Breakingviews-U.S. trade arbiter is wrong referee in patent wars

(The author is a Reuters Breakingviews columnist. The opinions expressed are his own.)

By Reynolds Holding

NEW YORK, Jan 17 (Reuters Breakingviews) - The U.S. International Trade Commission is the wrong referee in the high-tech patent wars. It is supposed to stop foreign infringers. But speedy procedures and a fuzzy remit are turning it into a hot spot for suing American firms. This benefits patent trolls – firms that collect rights to inventions but don’t make them – and companies seeking to block rivals in a hurry. The losers may be investors and innovation.

American courts have made progress in discouraging costly patent actions of dubious merit. In 2006, the Supreme Court made it tougher for patent holders to obtain orders stopping the sale of rivals’ products. And last year, federal judges in California, Wisconsin and Illinois tossed out Apple (AAPL.O) and Motorola Mobility claims that didn’t clearly establish harm.

Lawyers have predictably turned to friendlier forums. Mannheim and other German cities are now favorites for their know-how and pro-patent approach. In the United States, the ITC is suddenly popular, holding almost a fifth of the nation’s patent trials, according to a study by Colleen Chien, a Santa Clara University law professor.
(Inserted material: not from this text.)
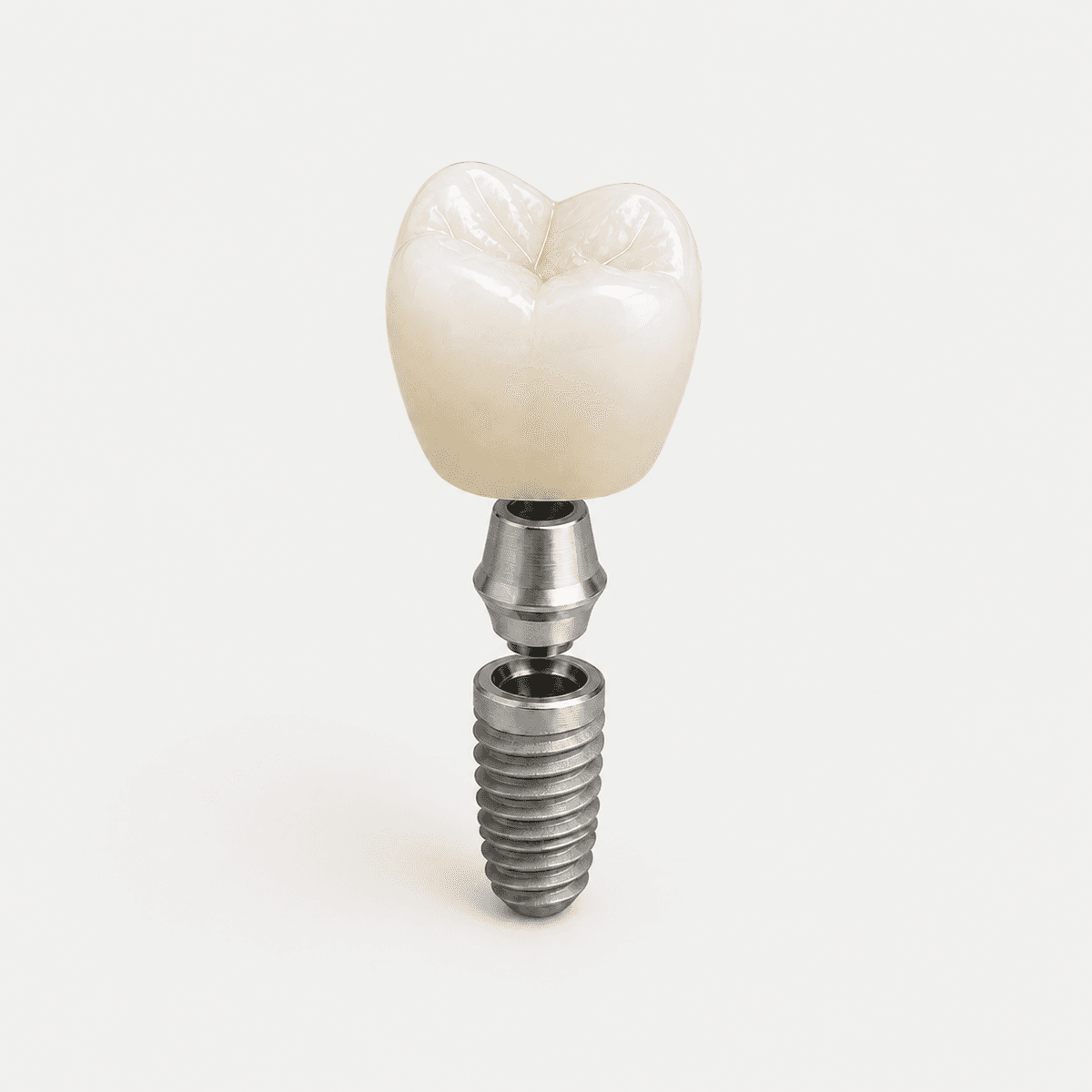 Implant Restoration dental restoration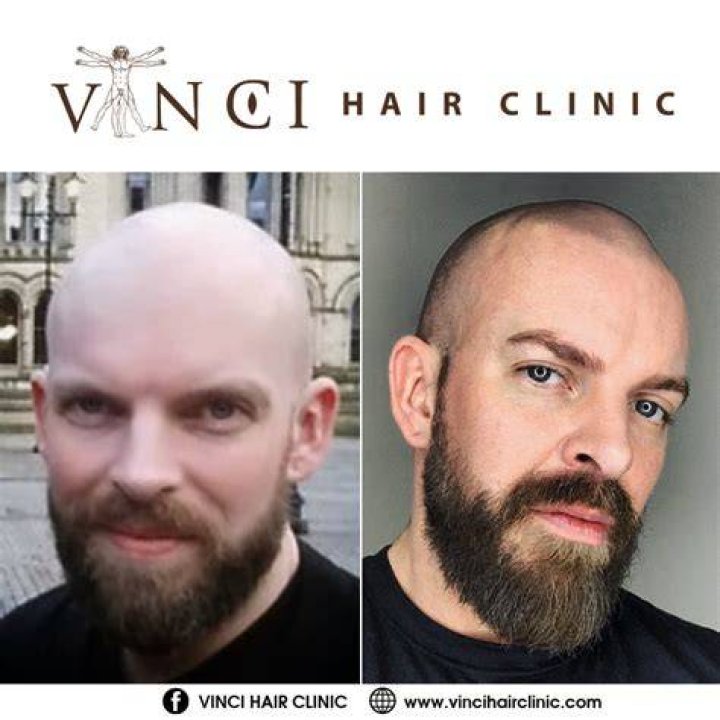 bald vs not bald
It’s easy to see why. The agency decides cases in half the time federal courts take and routinely issues orders blocking alleged infringers. Jurisdiction is rarely an issue, because most U.S. technology firms make their products abroad and import them. And last week the U.S. Court of Appeals for the Federal Circuit made filing ITC cases much easier, ruling that they no longer need to involve patented products that actually exist.

A big downside is that patent trolls are piling in. From January 2011 through June 2012, they accounted for more than a quarter of ITC patent cases, according to Chien, and targeted twice as many U.S. firms as foreign ones. Recent Boston University research found that trolls cost public companies nearly $100 billion in market value each year. Innovation also suffers, because the risk of lawsuits discourages research and development.

Smartphone makers like Samsung (005930.KS), meanwhile, are flocking to the ITC for orders quashing competitors’ devices. As several courts have noted, that can undermine competition. The Supreme Court, a harsh critic recently of excessive patent litigation, has never taken an ITC case. With last week’s decision ripe for review and another close behind, maybe that will change.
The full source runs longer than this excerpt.